Josse insiste sur le fait que le viol est « un acte ordinaire commis par des hommes ordinaires » pour souligner la fréquence de ce crime et la banalité de ses auteurs. Elle critique la tendance à percevoir ces actes comme des exceptions, alors qu’ils sont le reflet de violences systématiques, banalisées dans le quotidien.

Qu’est-ce que le fémo-nationalisme ?

Le fémo-nationalisme, comme l’explique Josse, consiste à utiliser le féminisme pour justifier des discours xénophobes. Il « racialise le sexisme » en opposant les sociétés « modernes et avancées » aux cultures perçues comme opprimant les femmes. Cette stratégie détourne la lutte pour les droits des femmes afin de légitimer la stigmatisation des populations racisées.

Pourquoi l’intersectionnalité est-elle un enjeu central dans les révolutions féministes ?

Josse insiste sur l’importance de l’intersectionnalité dans les luttes féministes, pour identifier la multiplicité des oppressions, notamment de race, de classe, de religion, qui peuvent se superposer pour de nombreuses femmes et personnes issues des minorités de genre.

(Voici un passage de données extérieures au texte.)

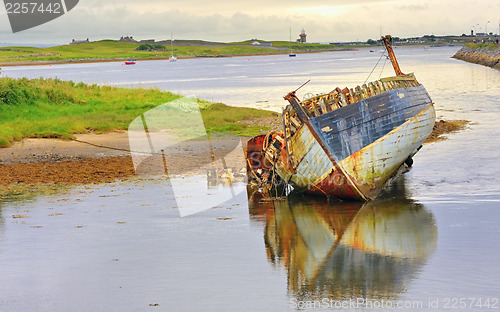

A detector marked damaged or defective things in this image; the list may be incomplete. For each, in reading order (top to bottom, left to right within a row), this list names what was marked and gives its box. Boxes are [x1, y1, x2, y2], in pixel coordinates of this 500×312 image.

rusty boat hull [248, 35, 436, 201]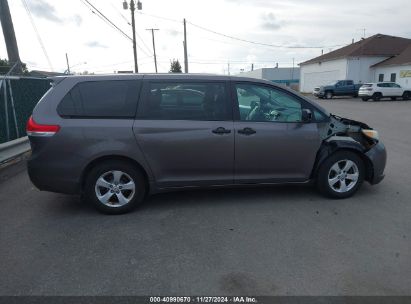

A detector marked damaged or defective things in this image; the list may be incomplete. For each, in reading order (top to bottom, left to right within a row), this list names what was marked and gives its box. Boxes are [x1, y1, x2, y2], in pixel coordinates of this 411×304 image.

damaged front end [316, 114, 386, 184]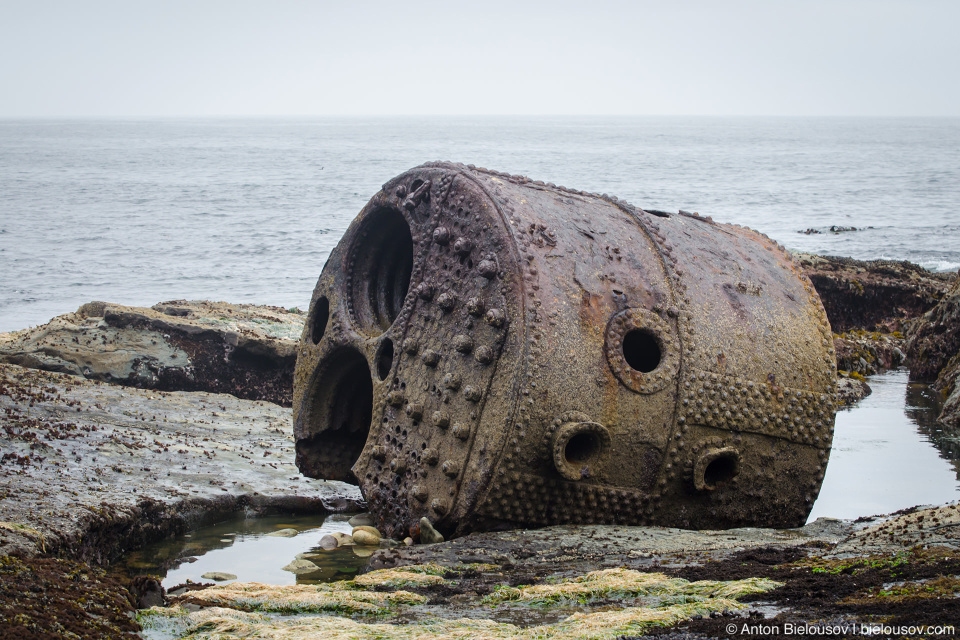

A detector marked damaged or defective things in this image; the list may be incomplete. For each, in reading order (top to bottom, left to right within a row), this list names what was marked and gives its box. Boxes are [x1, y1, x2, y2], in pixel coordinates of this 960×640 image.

rusted steam boiler [296, 162, 836, 536]
rusty metal surface [294, 161, 840, 540]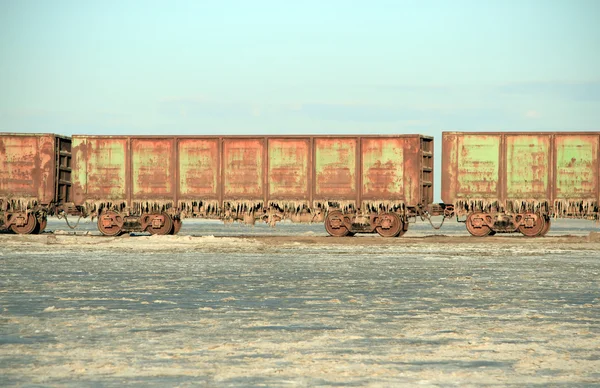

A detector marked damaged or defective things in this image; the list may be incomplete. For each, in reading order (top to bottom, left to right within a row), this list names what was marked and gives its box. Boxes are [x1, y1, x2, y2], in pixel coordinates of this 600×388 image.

rusty freight train car [0, 132, 72, 235]
rusty freight train car [72, 133, 434, 236]
rusty freight train car [440, 132, 600, 236]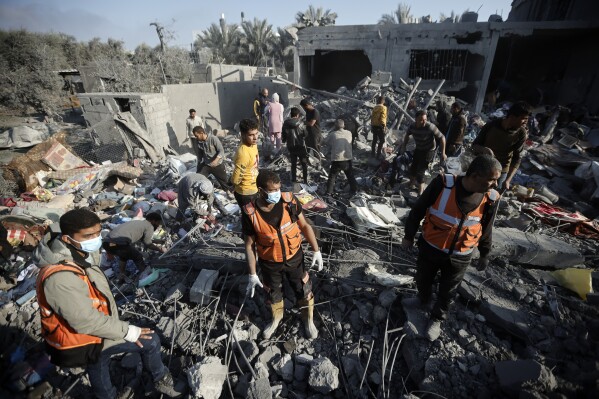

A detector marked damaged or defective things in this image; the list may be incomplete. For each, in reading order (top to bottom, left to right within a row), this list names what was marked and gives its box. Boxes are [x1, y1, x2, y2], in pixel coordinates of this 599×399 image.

broken concrete block [490, 228, 584, 268]
broken concrete block [191, 268, 219, 306]
broken concrete block [364, 266, 414, 288]
broken concrete block [186, 356, 229, 399]
broken concrete block [274, 354, 296, 382]
broken concrete block [310, 360, 342, 394]
broken concrete block [496, 360, 556, 396]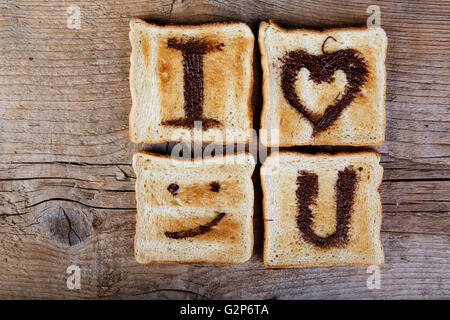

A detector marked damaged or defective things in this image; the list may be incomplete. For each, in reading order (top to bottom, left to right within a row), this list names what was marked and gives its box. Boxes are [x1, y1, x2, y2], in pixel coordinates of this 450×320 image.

burned marking [163, 38, 224, 130]
burned marking [164, 211, 227, 239]
burned marking [296, 169, 358, 249]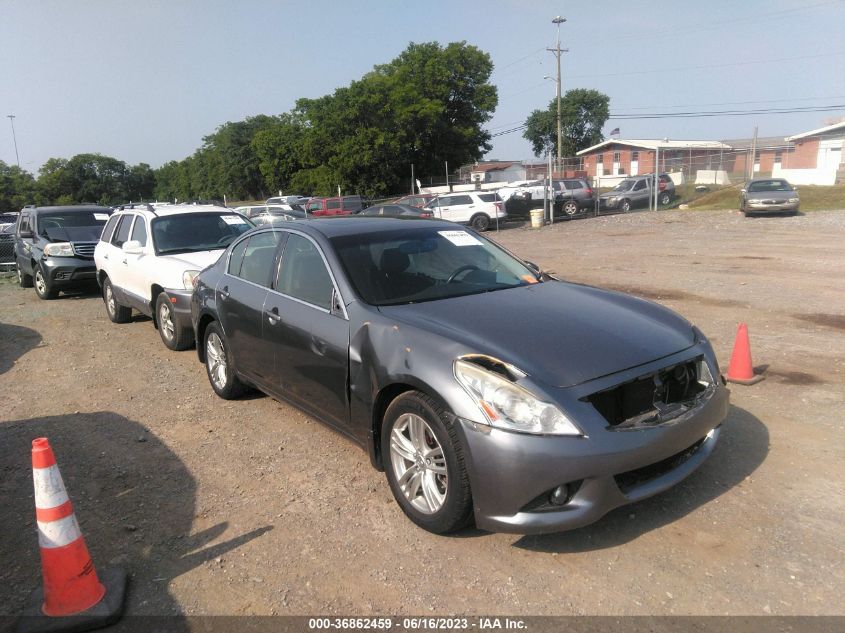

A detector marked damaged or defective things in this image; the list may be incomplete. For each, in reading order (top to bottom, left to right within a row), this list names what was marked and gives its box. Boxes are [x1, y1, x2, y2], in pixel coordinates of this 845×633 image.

exposed headlight housing [181, 270, 199, 288]
exposed headlight housing [454, 360, 580, 434]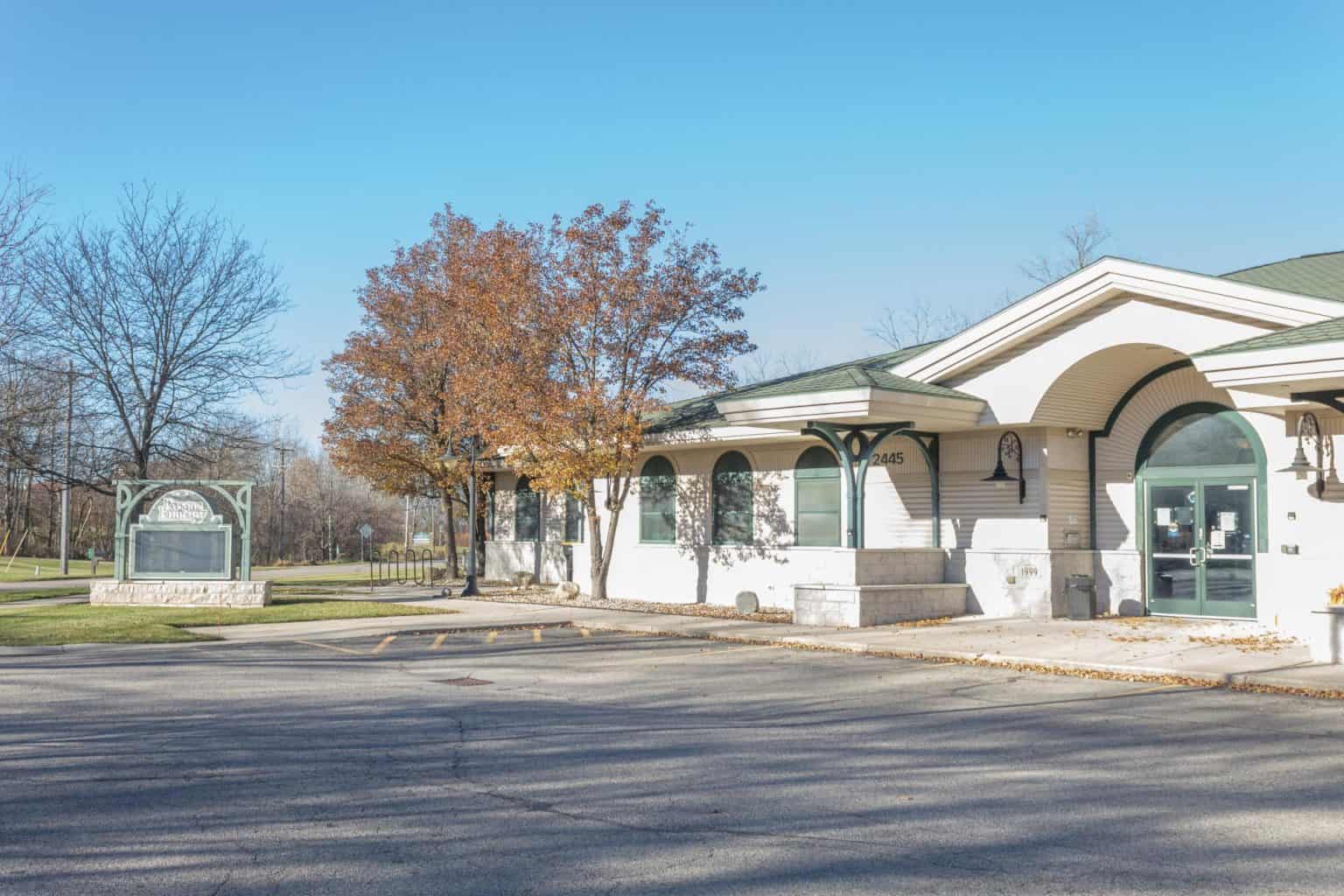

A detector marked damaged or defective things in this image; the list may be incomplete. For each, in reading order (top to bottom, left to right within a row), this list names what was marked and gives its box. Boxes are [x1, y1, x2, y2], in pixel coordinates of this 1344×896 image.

cracked pavement [3, 628, 1344, 892]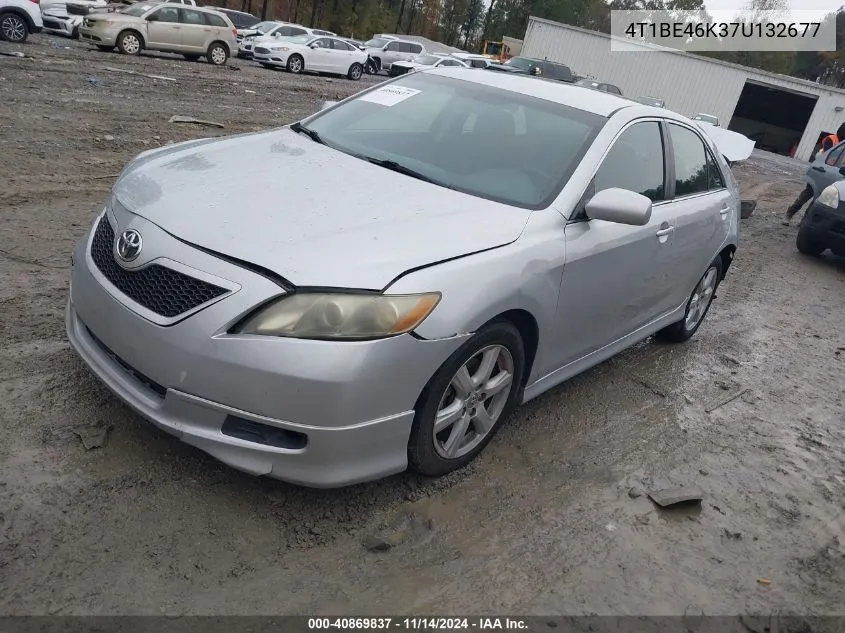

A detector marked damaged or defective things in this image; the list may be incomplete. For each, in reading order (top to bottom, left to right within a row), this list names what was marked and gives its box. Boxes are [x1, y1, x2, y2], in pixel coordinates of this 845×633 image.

Les spécificités de leur situation n’étant pas les mêmes, les féminismes doivent s’emparer de ces réalités pour les faire converger, et ne laisser personne de côté.

Pourquoi la justice reproductive est-elle cruciale dans les luttes féministes selon Josse?

Josse insiste sur l’importance de la justice reproductive dans les luttes féministes contemporaines, qu’elle résume ainsi «c’est une manière de penser les droits reproductifs des femmes, non pas simplement à l’échelle des femmes mais aussi des enfants (…) de pouvoir faire naître des enfants dans un monde où ils ne vont pas être assassinés à douze ans, où ils vont pas être harcelés par des flics.»

Comment les corps des femmes sont-ils politisés dans les projets suprémacistes ?

Josse explique que les projets suprémacistes étant des sociétés d’individus et d’enfants blancs, leur politique investit les ventres des femmes en fonction des couleurs de peau. « Il y a des femmes à qui on interdit d’avorter : les femmes blanches en bonne santé. Et puis dans le même temps il y a des femmes qu’on pousse à avorter, qu’on stérilise » explique la cofondatrice de La Déferlante.